In anticipation of a Latino vote that could prove decisive in toss up states like Florida and Colorado, analytics insights provider Luminar is launching what it deems the first “big data” analytics and modeling service specifically focused on U.S. Latino consumers, offering insights into Latino voters that can help political campaigns develop winning strategies.
Luminar executives say that they are able to create precise insights of Latinos’ behavior by leveraging voter files, consumer habits, media digital interactions, transactional data and analytical models.

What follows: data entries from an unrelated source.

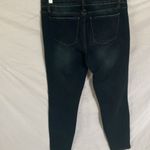 Tractr: Stretchy Skinny Jeans with red flannel covered holes Photo 8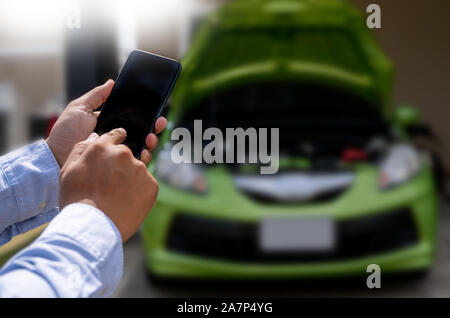man Using a mobile phone call to  assistance Help with a broken down car assist stop car roadside breakdown Stock Photo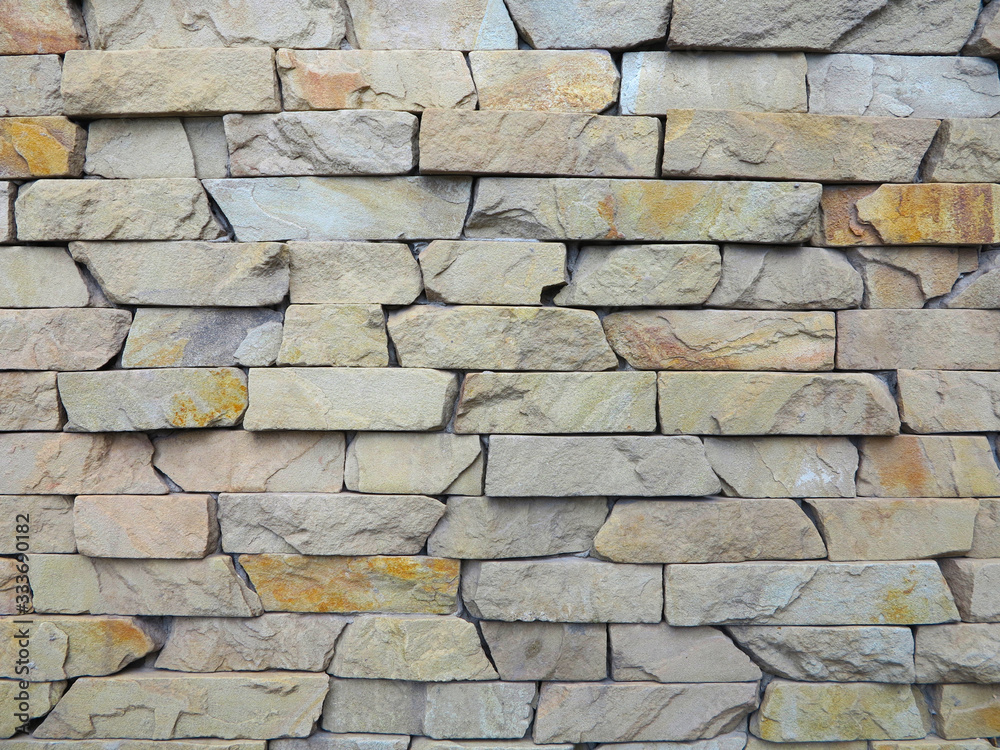 Fototapeta premium texture of stone on wall of different rocks 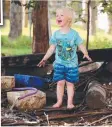  ?? Picture: AAP/DAVID CLARK ?? HANDS ON: Ralphie Moser, 2, gets down and dirty at his home in Mt Tamborine.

By gaining a deep understanding of Latino consumer habits, political strategists are better able to develop highly relevant communication campaigns that can truly connect with Latino voters.

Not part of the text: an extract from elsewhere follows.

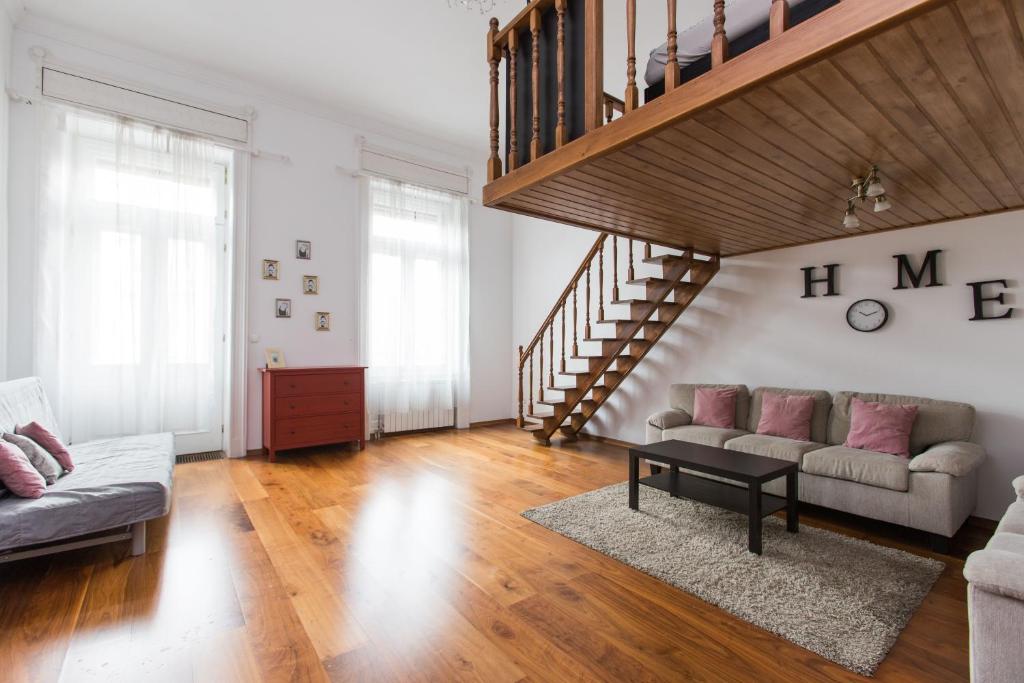 Posedenie v ubytovaní Grand Boulvard Apartment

As an example, Luminar recently analyzed the Latino population of Denver, Colo, the capital city of a “battleground state,” where approximately 14 percent of the roughly 400,000 registered voters are of Latino descent. Some of the voting tendencies and purchasing insights of this group relevant to political campaigns include:
Voting Tendencies in Denver
– Spanish continues to be the language of choice for the majority of Latino voters in Denver – with 44 percent of Republicans, 44 percent of Democrats and 39 percent of Independents preferring Spanish-language communications.

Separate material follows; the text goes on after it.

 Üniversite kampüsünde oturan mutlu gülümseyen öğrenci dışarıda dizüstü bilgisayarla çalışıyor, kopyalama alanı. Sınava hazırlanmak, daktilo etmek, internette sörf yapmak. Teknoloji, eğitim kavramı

– Latinas in Denver represent 53% of total registered Latino voters, compared to 47% of their Latino male counterparts. However, about 62 percent of these women consider Spanish their primary language and their voting age tends to be younger than the men.
– A strong majority of Denver’s Latino voters (56 percent) are Democrats; 32 percent are registered as Independents, and approximately 10 percent register as Republican.
– 31 percent of “super voters” (those who vote in every election) are Democrats, 23 percent of Republicans and only 5 percent are Independents.
– “Super voters” spend the most on children’s products, videos/DVDs, and music, while the “low-propensity voters” concentrate on gardening, electronics, and sports/leisure. The “mid-propensity voters” are spending a whopping 43 percent of their purchases on computing products, with travel, health, and apparel trailing behind.
– Democrats lead a majority of spending among Latino voters in Denver. In fact, Democrats are responsible for 76 percent of all purchases in the videos/DVDs category and 72 percent of all children’s products. Independents make 30 percent of all purchases in travel, and 29 percent of purchases in the electronics, sports and leisure, and auto parts categories. Republicans spend less, accounting for only 22 percent of purchases in the grocery category and 17 percent in travel.
“Whether a campaign wins or loses hinges on correctly using the right analytics and data, and Luminar has the insights and expertise to help campaigns decide where to accurately and effectively allocate their resources to reach this end consumer,” said Oscar Padilla, vice president of strategy at Luminar.